Segment Open
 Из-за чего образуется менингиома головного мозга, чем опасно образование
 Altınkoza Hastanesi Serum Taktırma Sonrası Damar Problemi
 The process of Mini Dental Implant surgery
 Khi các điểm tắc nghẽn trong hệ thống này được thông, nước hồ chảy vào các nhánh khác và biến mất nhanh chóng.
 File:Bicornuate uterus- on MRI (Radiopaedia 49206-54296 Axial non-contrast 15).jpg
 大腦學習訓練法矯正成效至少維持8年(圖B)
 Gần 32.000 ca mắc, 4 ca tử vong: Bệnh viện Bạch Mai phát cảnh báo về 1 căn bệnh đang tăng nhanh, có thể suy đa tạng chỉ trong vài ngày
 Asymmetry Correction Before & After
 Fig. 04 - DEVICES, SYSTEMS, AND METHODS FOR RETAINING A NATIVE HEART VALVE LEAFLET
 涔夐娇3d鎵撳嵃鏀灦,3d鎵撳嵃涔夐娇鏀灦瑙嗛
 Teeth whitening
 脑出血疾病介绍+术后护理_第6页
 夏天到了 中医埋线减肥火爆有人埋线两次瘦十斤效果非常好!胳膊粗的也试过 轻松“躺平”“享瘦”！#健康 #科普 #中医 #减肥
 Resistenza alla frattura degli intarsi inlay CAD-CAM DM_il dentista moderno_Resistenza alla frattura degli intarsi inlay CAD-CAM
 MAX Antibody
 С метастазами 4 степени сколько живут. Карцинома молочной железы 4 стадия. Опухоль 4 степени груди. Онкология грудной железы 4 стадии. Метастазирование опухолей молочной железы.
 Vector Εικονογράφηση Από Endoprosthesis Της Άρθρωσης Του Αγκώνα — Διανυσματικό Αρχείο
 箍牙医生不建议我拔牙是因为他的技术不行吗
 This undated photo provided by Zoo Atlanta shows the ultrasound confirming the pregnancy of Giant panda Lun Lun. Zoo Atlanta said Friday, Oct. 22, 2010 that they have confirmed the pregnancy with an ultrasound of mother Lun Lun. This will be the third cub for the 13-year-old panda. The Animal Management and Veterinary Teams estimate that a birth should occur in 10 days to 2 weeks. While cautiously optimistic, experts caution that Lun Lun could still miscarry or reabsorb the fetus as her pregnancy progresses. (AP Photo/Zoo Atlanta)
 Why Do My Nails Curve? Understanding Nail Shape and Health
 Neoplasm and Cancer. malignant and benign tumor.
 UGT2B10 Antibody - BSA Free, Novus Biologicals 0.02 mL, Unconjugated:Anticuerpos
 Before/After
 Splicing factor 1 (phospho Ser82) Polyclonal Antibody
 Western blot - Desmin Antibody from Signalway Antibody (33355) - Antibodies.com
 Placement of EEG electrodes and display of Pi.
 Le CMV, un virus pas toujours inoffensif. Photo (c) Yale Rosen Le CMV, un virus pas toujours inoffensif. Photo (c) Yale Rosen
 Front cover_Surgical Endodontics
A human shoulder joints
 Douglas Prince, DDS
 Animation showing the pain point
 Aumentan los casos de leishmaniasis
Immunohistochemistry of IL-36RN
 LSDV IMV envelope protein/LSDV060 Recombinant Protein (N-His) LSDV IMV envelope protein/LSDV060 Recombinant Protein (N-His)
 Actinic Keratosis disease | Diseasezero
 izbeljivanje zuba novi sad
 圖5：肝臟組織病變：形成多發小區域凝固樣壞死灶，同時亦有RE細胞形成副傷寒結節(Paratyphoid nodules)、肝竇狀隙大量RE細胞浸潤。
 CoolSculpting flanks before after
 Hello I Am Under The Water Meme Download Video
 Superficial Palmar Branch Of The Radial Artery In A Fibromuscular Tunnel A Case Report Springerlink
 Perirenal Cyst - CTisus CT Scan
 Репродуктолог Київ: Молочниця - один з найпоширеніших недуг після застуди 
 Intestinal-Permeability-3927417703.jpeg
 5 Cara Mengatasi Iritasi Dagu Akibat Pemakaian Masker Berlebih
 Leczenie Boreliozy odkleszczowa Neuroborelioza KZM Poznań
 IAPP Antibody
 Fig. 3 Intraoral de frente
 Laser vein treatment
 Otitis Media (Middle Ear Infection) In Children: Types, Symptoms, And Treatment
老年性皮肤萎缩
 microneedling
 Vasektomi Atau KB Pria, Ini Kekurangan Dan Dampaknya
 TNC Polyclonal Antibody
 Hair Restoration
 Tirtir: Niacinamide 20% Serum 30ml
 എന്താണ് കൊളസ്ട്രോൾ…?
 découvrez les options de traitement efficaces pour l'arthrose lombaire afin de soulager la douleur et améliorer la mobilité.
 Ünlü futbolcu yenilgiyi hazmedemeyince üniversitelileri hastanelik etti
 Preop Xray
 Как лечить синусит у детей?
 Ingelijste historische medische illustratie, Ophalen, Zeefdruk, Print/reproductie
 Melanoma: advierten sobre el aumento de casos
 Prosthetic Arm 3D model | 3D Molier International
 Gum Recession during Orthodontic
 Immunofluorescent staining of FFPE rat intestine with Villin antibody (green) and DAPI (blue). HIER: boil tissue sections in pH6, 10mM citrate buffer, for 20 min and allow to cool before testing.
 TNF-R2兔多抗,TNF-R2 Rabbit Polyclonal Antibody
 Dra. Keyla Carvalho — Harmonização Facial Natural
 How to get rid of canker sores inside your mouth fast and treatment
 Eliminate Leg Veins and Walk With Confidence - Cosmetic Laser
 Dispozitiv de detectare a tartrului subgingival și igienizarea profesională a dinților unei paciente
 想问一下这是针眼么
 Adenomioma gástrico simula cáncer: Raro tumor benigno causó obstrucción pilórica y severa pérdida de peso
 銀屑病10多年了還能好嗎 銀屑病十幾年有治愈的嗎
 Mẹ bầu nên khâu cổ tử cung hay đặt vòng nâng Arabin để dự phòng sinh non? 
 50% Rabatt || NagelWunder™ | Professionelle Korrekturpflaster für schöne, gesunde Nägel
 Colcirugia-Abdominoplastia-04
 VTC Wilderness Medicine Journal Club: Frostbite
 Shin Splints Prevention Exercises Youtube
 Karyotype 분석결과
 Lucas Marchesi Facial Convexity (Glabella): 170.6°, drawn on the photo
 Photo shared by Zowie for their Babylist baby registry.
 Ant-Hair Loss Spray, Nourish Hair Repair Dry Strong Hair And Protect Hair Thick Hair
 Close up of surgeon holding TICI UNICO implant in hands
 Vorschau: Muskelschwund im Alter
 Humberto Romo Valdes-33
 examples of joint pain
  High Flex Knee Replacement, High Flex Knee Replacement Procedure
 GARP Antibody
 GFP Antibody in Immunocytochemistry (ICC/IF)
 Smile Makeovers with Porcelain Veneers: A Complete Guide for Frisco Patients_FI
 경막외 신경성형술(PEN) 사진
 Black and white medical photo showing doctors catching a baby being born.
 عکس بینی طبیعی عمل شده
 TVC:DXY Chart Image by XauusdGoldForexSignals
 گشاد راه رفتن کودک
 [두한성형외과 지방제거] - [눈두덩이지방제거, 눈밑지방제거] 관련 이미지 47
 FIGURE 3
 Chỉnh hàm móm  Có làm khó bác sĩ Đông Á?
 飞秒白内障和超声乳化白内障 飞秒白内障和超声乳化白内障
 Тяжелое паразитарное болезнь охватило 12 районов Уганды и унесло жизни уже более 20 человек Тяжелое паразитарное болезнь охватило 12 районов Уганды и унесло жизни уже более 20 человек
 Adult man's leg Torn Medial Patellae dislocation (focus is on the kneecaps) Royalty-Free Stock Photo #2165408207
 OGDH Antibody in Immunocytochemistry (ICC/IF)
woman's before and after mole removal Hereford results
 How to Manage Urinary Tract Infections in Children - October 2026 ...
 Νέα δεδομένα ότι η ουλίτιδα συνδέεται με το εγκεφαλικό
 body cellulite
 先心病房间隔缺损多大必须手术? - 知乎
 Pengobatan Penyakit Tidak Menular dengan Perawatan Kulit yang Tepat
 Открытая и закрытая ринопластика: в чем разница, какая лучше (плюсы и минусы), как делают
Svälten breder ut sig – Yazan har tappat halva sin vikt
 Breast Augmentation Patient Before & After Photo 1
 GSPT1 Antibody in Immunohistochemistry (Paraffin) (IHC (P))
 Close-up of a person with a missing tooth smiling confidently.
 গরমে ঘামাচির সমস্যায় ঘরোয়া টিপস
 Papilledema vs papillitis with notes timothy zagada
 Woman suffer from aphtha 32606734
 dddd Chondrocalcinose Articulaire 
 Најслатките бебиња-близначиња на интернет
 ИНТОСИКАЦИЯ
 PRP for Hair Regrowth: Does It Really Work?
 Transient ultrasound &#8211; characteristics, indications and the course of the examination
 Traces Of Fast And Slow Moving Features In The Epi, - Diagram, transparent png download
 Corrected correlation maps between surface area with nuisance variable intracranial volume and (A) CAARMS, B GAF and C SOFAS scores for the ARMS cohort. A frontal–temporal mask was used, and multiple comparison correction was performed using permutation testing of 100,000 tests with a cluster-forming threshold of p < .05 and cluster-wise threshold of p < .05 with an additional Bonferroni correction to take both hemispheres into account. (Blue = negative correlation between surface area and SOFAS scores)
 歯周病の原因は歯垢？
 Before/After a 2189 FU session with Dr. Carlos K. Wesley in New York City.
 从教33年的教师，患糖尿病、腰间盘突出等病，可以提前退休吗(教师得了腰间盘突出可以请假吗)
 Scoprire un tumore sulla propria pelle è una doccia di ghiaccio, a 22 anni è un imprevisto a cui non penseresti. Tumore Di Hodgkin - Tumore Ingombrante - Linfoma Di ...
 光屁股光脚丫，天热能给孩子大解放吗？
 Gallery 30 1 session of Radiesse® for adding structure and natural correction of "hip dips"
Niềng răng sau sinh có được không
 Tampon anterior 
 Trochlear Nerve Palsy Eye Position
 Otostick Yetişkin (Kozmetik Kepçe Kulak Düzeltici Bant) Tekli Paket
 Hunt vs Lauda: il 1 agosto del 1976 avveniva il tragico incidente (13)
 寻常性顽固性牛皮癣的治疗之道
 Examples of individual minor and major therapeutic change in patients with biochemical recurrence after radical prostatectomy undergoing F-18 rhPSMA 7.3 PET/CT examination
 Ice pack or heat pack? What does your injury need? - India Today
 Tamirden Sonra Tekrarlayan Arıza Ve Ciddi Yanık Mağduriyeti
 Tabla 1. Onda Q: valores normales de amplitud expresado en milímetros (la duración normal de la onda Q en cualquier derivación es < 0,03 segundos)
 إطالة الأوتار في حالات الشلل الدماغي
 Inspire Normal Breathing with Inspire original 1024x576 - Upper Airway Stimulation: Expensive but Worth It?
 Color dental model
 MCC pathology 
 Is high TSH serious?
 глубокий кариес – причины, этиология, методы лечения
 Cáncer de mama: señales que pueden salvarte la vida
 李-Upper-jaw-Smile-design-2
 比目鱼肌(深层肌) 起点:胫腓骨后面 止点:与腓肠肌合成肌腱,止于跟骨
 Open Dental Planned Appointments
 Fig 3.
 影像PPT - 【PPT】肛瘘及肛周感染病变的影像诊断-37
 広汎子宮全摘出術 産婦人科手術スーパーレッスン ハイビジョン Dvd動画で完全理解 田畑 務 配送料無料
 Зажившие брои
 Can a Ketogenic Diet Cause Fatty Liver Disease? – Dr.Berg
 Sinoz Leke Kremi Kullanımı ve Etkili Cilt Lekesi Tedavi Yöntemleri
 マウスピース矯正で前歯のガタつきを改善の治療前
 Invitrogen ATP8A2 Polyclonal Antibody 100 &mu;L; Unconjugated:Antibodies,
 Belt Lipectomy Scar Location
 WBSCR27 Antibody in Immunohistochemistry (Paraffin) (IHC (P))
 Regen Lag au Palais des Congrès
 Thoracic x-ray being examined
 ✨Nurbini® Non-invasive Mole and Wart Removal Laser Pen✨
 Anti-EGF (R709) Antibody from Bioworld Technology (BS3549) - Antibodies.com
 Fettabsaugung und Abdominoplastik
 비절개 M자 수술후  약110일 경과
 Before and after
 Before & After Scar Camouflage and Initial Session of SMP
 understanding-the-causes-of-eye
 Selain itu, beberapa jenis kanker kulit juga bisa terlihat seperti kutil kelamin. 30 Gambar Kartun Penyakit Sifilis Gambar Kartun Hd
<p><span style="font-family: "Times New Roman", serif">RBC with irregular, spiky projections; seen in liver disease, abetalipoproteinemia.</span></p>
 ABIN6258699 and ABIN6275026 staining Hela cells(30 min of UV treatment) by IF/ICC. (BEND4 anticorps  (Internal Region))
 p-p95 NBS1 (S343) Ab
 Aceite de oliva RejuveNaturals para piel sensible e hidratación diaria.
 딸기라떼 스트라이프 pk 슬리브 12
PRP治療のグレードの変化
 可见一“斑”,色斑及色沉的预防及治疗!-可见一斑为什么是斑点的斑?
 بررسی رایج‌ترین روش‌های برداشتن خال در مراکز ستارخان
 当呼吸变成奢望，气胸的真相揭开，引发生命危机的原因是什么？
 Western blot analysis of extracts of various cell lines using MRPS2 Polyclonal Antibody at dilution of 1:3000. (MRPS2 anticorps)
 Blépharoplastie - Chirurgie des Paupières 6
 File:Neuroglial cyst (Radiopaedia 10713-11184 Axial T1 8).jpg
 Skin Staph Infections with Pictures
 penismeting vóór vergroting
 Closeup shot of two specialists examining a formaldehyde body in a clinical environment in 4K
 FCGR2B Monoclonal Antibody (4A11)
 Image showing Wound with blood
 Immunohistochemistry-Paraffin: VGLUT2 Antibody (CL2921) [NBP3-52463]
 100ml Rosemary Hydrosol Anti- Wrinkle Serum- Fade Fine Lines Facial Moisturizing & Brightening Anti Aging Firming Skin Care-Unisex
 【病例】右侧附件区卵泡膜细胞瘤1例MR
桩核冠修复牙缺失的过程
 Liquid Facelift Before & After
Segment Closed
A verbatim transcription is needed of the lines above, starting at the line with "光屁股光脚丫，天热能给孩子大解放吗？" and ending at the line with "Examples of individual", both included, and of nothing else.

 光屁股光脚丫，天热能给孩子大解放吗？
 Gallery 30 1 session of Radiesse® for adding structure and natural correction of "hip dips"
Niềng răng sau sinh có được không
 Tampon anterior 
 Trochlear Nerve Palsy Eye Position
 Otostick Yetişkin (Kozmetik Kepçe Kulak Düzeltici Bant) Tekli Paket
 Hunt vs Lauda: il 1 agosto del 1976 avveniva il tragico incidente (13)
 寻常性顽固性牛皮癣的治疗之道
 Examples of individual minor and major therapeutic change in patients with biochemical recurrence after radical prostatectomy undergoing F-18 rhPSMA 7.3 PET/CT examination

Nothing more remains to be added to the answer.